------ Supplied records ------

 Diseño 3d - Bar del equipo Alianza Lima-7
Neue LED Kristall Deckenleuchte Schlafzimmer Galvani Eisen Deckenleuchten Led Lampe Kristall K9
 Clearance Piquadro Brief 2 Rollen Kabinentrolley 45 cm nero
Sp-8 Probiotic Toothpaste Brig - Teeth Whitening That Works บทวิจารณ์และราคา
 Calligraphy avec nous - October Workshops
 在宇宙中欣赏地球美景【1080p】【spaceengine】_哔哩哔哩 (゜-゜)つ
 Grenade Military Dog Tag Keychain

------

Print all the records exactly as written.

 Diseño 3d - Bar del equipo Alianza Lima-7
Neue LED Kristall Deckenleuchte Schlafzimmer Galvani Eisen Deckenleuchten Led Lampe Kristall K9
 Clearance Piquadro Brief 2 Rollen Kabinentrolley 45 cm nero
Sp-8 Probiotic Toothpaste Brig - Teeth Whitening That Works บทวิจารณ์และราคา
 Calligraphy avec nous - October Workshops
 在宇宙中欣赏地球美景【1080p】【spaceengine】_哔哩哔哩 (゜-゜)つ
 Grenade Military Dog Tag Keychain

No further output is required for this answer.